I. Quem tem a intenção de passar à redação de uma obra mais extensa procure seu bem-estar e permita-se, depois da tarefa concluída, tudo o que não prejudica a continuação.

II. Fale do realizado, se quiser; contudo, durante o decorrer do trabalho, não leia nada dele para outros. Toda satisfação que você se proporciona através disso bloqueia seu ritmo. Com a observância desse regime, o crescente desejo de comunicação acaba tornando-se motor do acabamento.

III. Nas circunstâncias de trabalho, procure escapar à mediania do cotidiano. Meia tranqüilidade, acompanhada de ruídos insípidos, degrada. Em contrapartida, o acompanhamento de um estudo musical ou de uma confusão de vozes pode tornar-se tão significativo para o trabalho quanto a perceptível quietude da noite. Se esta aguça o ouvido interior, aquele se torna a pedra de toque de uma dicção cuja própria plenitude sepulta em si os ruídos excêntricos.

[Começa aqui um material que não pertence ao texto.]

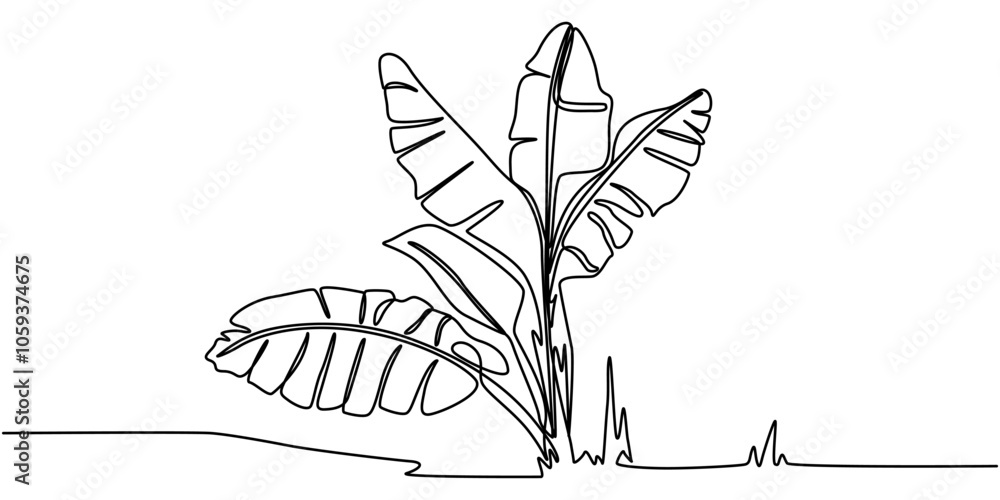Poster bird of paradise banana leaf continuous line drawing, banana leaves with banana tree continuous line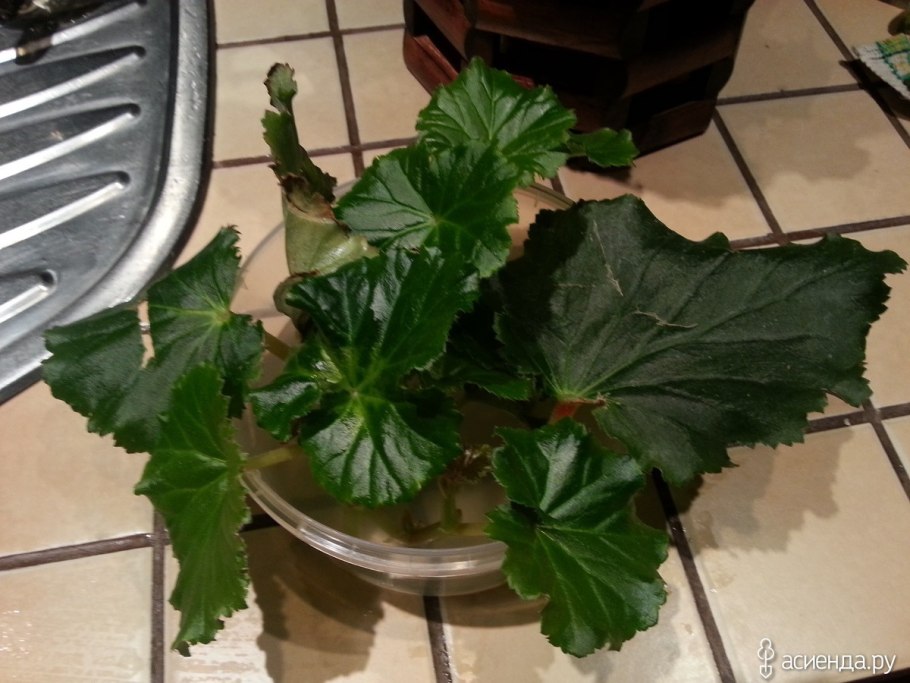 Размножение отростками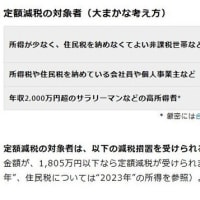 2024年度（令和6年度）の税制改正大綱で、4万円の定額減税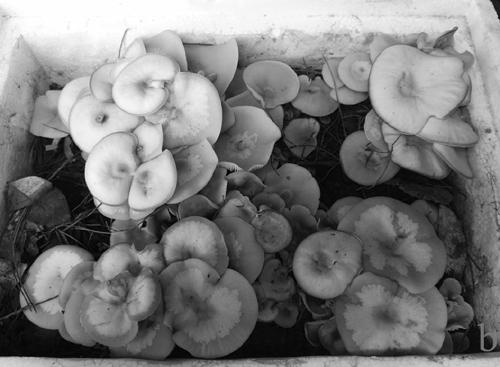 A kind of fragrant mushroom and its separation and multiplication method and soil-covering cultivation method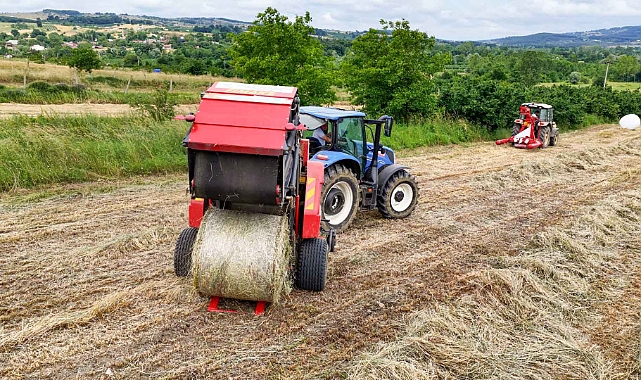 Kocaeli’de “süt otu” hasadı başladı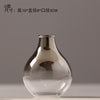 Creative Silver Gradient Dried Flower Nordic Glass Vase - thedecorcare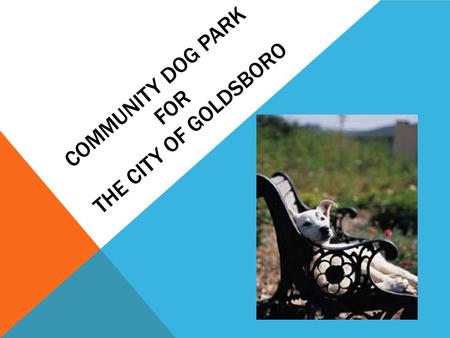 COMMUNITY DOG PARK FOR THE CITY OF GOLDSBORO. BACKGROUND 46.3 million United States households own a dog. With that statistic, dogs ranked number one.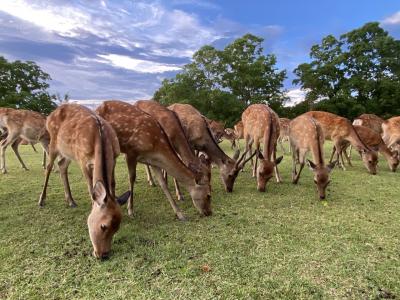 日本の良さ再発見！の奈良の旅　1日目
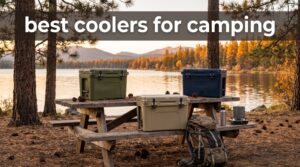 best coolers for camping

IV. Evite utensílios quaisquer. A pedante fixação a certos papéis, penas, tintas, é de utilidade. Não luxo, mas abundância desses utensílios é indispensável.

V. Não deixe nenhum pensamento passar incógnito e mantenha seu caderno de notas tão rigorosamente quanto a autoridade constituída mantém o registro de estrangeiros.

VI. Torne sua pena esquiva à inspiração, e ela a atrairá com a força do ímã. Quanto mais refletidamente você retarda a redação de uma idéia que ocorre, mais maduramente desdobrada ela se oferecerá a você. A fala conquista o pensamento, mas a escrita o domina.

In Rua de mão única. Obras escolhidas, v. 2. Tradução de Rubens Rodrigues Torres Filho e José Carlos Martins Barbosa. S. Paulo: Brasiliense, 1987, p. 30-31.
http://www.editorabrasiliense.com.br/

Imagem, fonte: www.culturgest.pt/actual/walter_benjamin.html

Sugerimos que corra à estante ou à livraria e se enriqueça convivendo com esta obra que se pode ler e, especialmente, reler sempre com proveito crescente.

PS1: O título que adotamos repete o do caderno Mais, Folha de São Paulo, 12/07/1992, comemorativo dos 100 anos do nascimento do filósofo, crítico e escritor.

PS2: Nosso trabalho coletivo O consumidor de livros de segunda mão: perfil do cliente dos sebos, acessível em
http://www.escritoriodolivro.org.br/leitura/perfil%20sebo.pdf , concluído nesse dia 12 de julho de 1992, foi também dedicado ao centenário de Walter Benjamin, como forma de homenageá-lo como bibliófilo e “descobridor” de cidades em busca de livrarias e, especialmente, como a grande referência que temos pessoalmente em nosso modesto percurso intelectual.